TITLE: Shadow Fire
GENRE: Young Adult Fantasy/Romance
Every step I take is one step closer to death.
Hiking through the dense underbrush, I try to calm my frayed nerves and control the fear threatening to overwhelm me. Twigs and tendrils of ivy grab at my ankles as I continue to forge ahead, forcing me to wrench away from their skeletal grip. The sunlight is quickly fading, signaling the end of another day, but this is no ordinary day.
Today is the last day of my life, at least my life as I know it.

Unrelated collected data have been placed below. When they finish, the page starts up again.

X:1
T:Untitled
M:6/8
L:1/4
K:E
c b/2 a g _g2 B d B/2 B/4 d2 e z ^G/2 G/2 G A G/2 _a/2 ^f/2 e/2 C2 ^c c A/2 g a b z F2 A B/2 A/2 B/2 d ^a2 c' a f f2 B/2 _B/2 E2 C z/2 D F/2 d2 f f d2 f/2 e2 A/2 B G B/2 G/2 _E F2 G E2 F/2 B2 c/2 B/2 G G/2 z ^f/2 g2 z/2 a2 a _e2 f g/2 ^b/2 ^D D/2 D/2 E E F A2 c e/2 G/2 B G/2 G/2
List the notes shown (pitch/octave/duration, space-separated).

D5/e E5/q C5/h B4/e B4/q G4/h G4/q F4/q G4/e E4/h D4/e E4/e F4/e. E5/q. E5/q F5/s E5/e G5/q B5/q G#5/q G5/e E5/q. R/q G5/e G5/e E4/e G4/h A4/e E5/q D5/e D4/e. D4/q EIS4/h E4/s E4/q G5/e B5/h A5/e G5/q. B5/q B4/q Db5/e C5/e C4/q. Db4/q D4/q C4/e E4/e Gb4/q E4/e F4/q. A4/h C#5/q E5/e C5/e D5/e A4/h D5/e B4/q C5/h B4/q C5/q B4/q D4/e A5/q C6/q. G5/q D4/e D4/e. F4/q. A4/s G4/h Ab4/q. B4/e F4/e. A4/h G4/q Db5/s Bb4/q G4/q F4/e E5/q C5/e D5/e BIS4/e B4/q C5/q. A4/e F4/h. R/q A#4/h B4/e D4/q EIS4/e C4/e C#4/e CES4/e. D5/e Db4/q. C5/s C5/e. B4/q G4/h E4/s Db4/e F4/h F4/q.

A loud crack pierces the air. I freeze in my tracks, my breath catching in my throat. Whipping my head around, I try to locate the source of the sound. My heart beats wildly, the erratic rhythm painful. These woods are full of predators, some animal, some monster, but the worst…human.
Lungs burning, I force myself to continue walking, though every fiber of my being just wishes to collapse to the forest floor in defeat.
I’m quickly approaching the edge of the Planthes Forest. The town of Verdane, my home, is only another twenty minutes away. Normally when I’m this close to home after a long day of hunting, I’d smile, breathe a sigh of relief, and perhaps look forward to dinner. Today there will be no raucous family meal, no solace in entering the normally peaceful village, and certainly nothing to smile about.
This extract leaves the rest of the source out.